Data supplied -
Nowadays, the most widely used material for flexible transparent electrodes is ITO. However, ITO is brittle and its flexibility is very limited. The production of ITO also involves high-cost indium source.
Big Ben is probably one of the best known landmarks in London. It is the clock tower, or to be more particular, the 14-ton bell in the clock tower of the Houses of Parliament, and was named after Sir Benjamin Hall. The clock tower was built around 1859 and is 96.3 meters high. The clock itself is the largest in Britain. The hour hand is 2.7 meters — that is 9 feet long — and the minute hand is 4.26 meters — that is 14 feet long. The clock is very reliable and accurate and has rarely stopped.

==

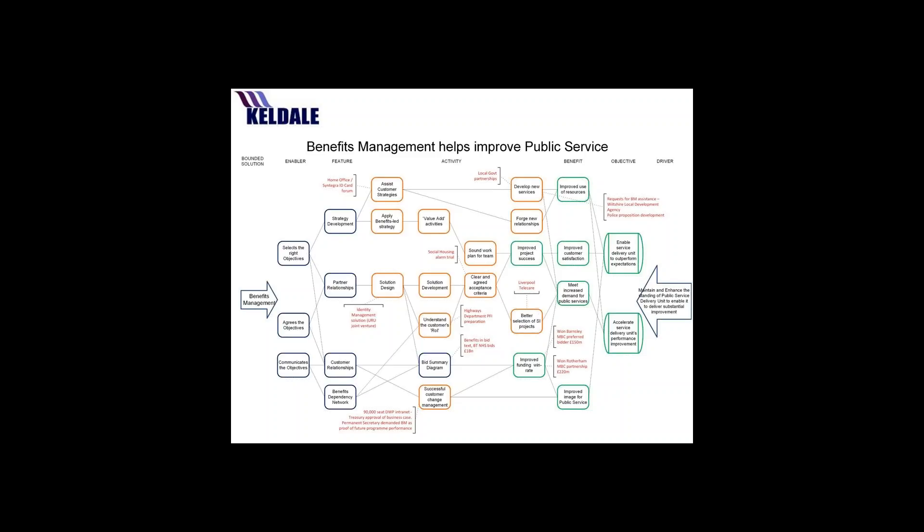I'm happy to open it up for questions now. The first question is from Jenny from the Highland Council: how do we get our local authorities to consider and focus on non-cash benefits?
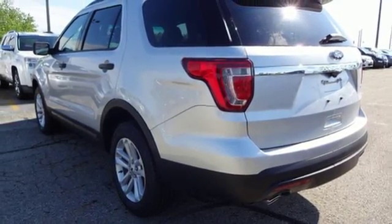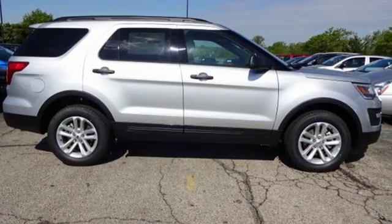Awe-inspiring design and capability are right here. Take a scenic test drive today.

Exercise - Above are the records; copy from them only the lines starting at the one containing "I'm happy to" and ending at the one containing "Awe-inspiring design and", exactly and without pictures.

Problem solution -
I'm happy to open it up for questions now. The first question is from Jenny from the Highland Council: how do we get our local authorities to consider and focus on non-cash benefits?
Awe-inspiring design and capability are right here. Take a scenic test drive today.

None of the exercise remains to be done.